Los celos -si no se gestionan ni se ponen límites- pueden escalar hasta vulnerar derechos fundamentales: desde el control encubierto hasta la violencia psicológica, verbal o física. Nadie entra a una relación para vivir con miedo o sometimiento. El amor no justifica el maltrato. Por eso, aprender a establecer límites no es egoísmo: es autoprotección.
Respetar los espacios individuales es esencial. En pareja seguimos siendo personas independientes, con dignidad y autoestima. No pertenecemos a nadie. Antes de la relación ya teníamos una vida: familia, amistades, trabajo, intereses. Renunciar a todo ello en nombre del amor no fortalece el vínculo, lo asfixia.
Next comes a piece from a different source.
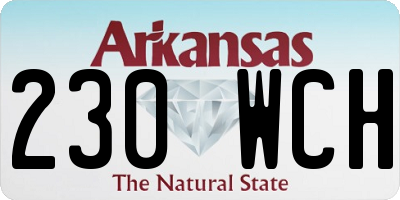 AR license plate 230WCH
Si tu pareja manifiesta celos excesivos, no lo normalice ni espere que el amor lo cure. La ayuda profesional es necesaria. Una relación saludable se basa en equilibrio y respeto mutuo; cuando aparece el control, el chantaje o el maltrato, el vínculo se vuelve peligroso. En esos casos, además de apoyo psicológico, también puede ser indispensable la orientación legal o policial.
Una herramienta útil es construir, de manera conjunta, un decálogo de límites: acuerdos claros, consensuados y respetados. No para restringir la libertad, sino para protegerla. Porque amar nunca debe significar perderse a uno mismo. El amor implica respeto hacia el otro y hacia uno mismo proporcionando una relación equitativa, asertiva y proactiva.
Recordemos: una relación sana no duele, no humilla y no amenaza. Ser felices es también una decisión… y empieza por no aceptar como amor aquello que en realidad es control.